Deshalb mein Hinweis, Eigenmischungen immer erst testen, bevor Flächen damit beschichtet werden.
Beim Mauermörtel würde ich mich am Bestand orientieren. Wenn bisher ein zementhaltiger Mörtel verwendet wurde empfiehlt sich, wegen der Fugenfarbe, jetzt auch wieder einen Mörtel mit Zement zu verwenden.
Wenn die Fugen eher weiß bis hellgrau sind kann auch ein Kalkmörtel mit 4 mm Korn verwendet werden.
Bei Feuchtigkeit im Mauerwerk ist Trasskalk auch eine gute Wahl.
Grüße aus Marktbreit
Gerold Engist
Hallo,
ich weiß nicht, ob ich mir das selbermischen zutrauen würde. So wie es sich liest sollten diese Mengenangaben exakt befolgt werden. Ich weiß nicht inwieweit diese Mischungen Fehler „verzeihen“. Was würden Sie eigentlich für einen Maurermörtel empfehlen um „kleine Löcher“ (vllt. von höchstens 20x20cm) in einer Bruchsteinwand (Kalk oder Sandsteine) mit Steinen und Mörtel beizumauern?

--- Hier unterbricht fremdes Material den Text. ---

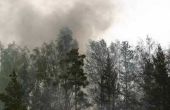 Bosbranden & hun gevolgen voor het milieu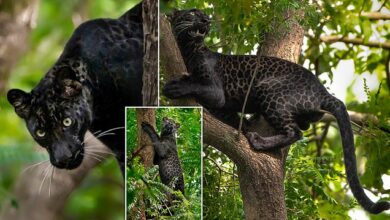 Rare black leopard, named after Jungle Book character spotted in India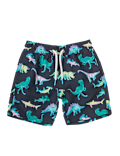 Sustainable Dinosaur Print Swim Shorts (3 Months - 7 Years)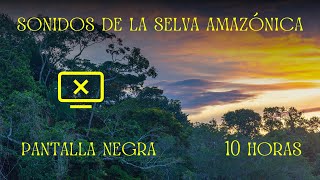 Sonidos de la Selva Amazónica  Pantalla Negra  10 Horas Pura Naturaleza [upl. by Yetak]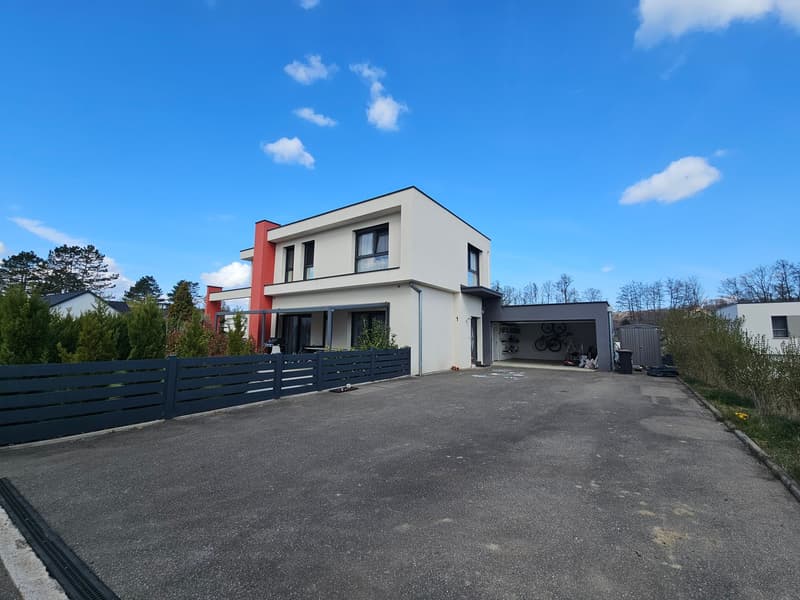 Casa unifamiliare moderna di 6 camere con piscina in una zona tranquilla di Leymen (8)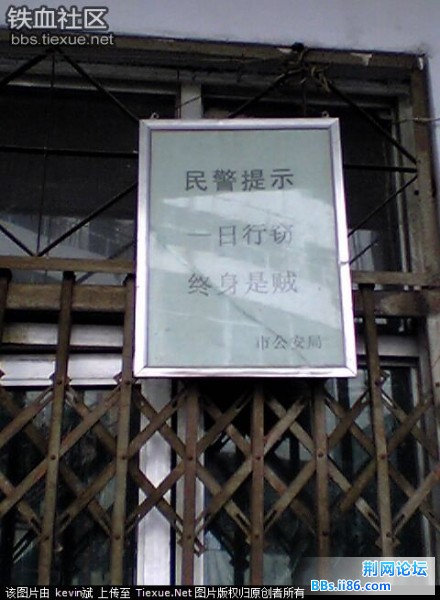 14374067.jpg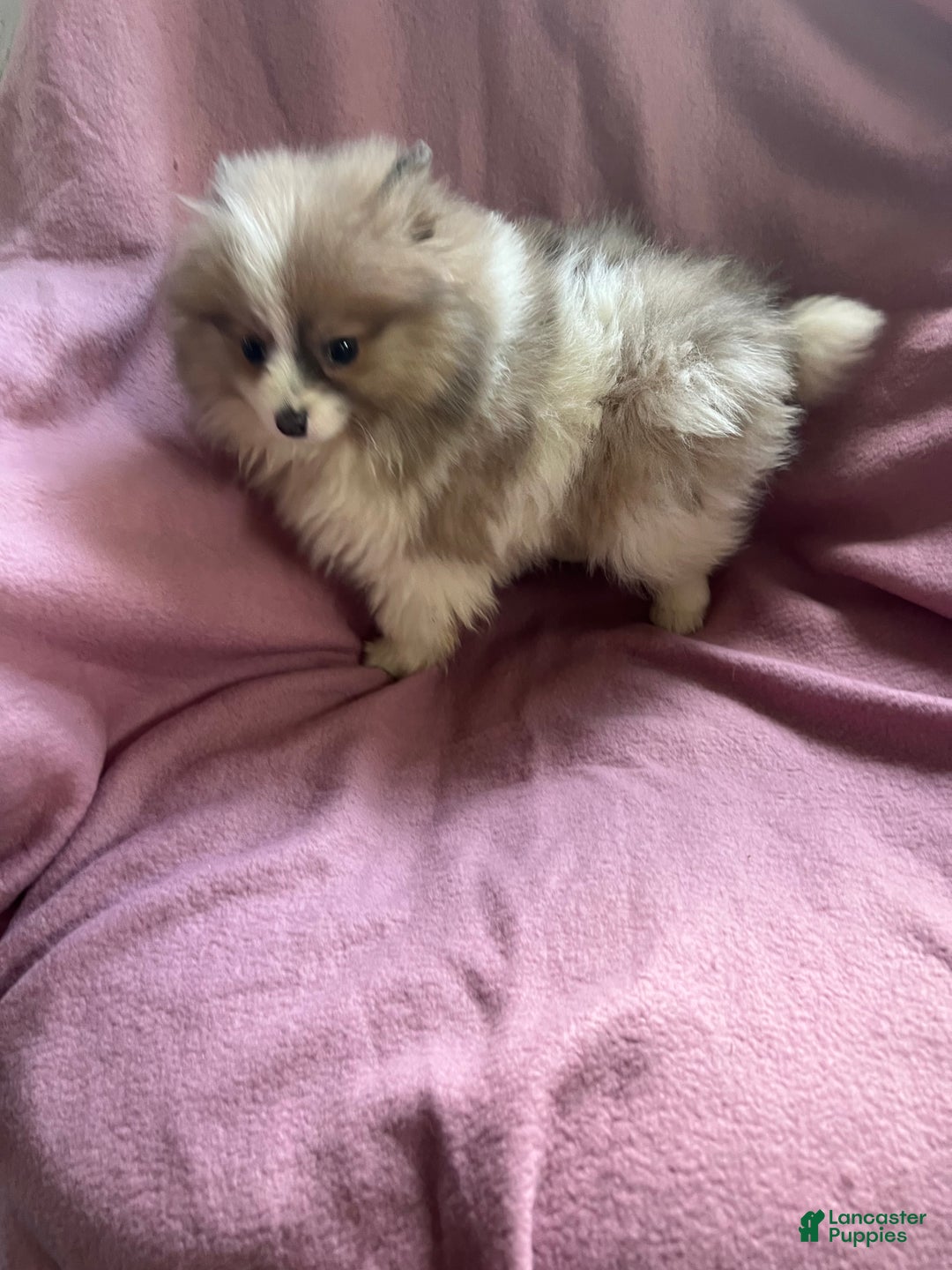 Pomeranian dogs for sale: Honey Pie - Ad 5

Mein Rohbauer hatte mir Sackware von Trasszement- und Trasskalkmörtel (Tubag) empfohlen. Nach eigener Recherche habe ich auch einen Trasskalkmörtel von Gräfix gefunden. Gräfix 55 wird dort vorgeschlagen.
Wenn man im System der „feuchteregulierenden“ Wand bleiben möchte (wir machen auch einen Kalkputz), dann sollte man zumindest vermutlich auf Trasszement als Mörtel verzichten oder? Vermutlich ist Gräfix 55 zu bevorzugen oder was würden Sie sagen?